What the task asks:
Find the line holding "Propriété - 470 m² - 9 pièces" in the entries below. Give it again exactly, along with every line after it up to and including the line holding "Maxs Sports Bar".

Available records:
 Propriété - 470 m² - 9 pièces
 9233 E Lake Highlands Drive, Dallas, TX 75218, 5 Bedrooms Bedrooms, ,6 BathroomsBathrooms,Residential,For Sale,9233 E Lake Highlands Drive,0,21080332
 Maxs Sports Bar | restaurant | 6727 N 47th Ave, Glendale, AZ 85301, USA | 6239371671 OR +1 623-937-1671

---

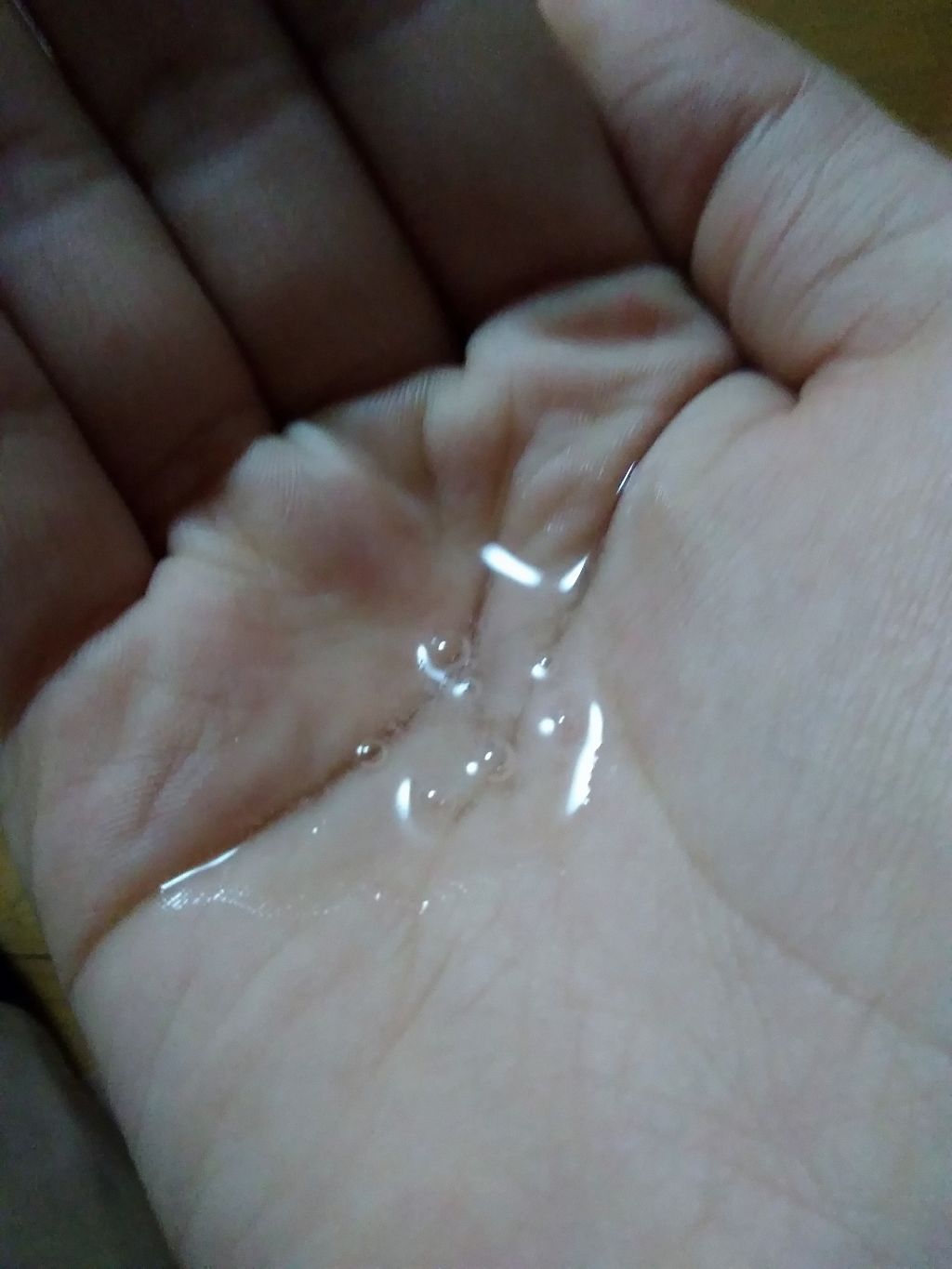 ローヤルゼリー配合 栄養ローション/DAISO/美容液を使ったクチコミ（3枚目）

Exercise answer:
 Propriété - 470 m² - 9 pièces
 9233 E Lake Highlands Drive, Dallas, TX 75218, 5 Bedrooms Bedrooms, ,6 BathroomsBathrooms,Residential,For Sale,9233 E Lake Highlands Drive,0,21080332
 Maxs Sports Bar | restaurant | 6727 N 47th Ave, Glendale, AZ 85301, USA | 6239371671 OR +1 623-937-1671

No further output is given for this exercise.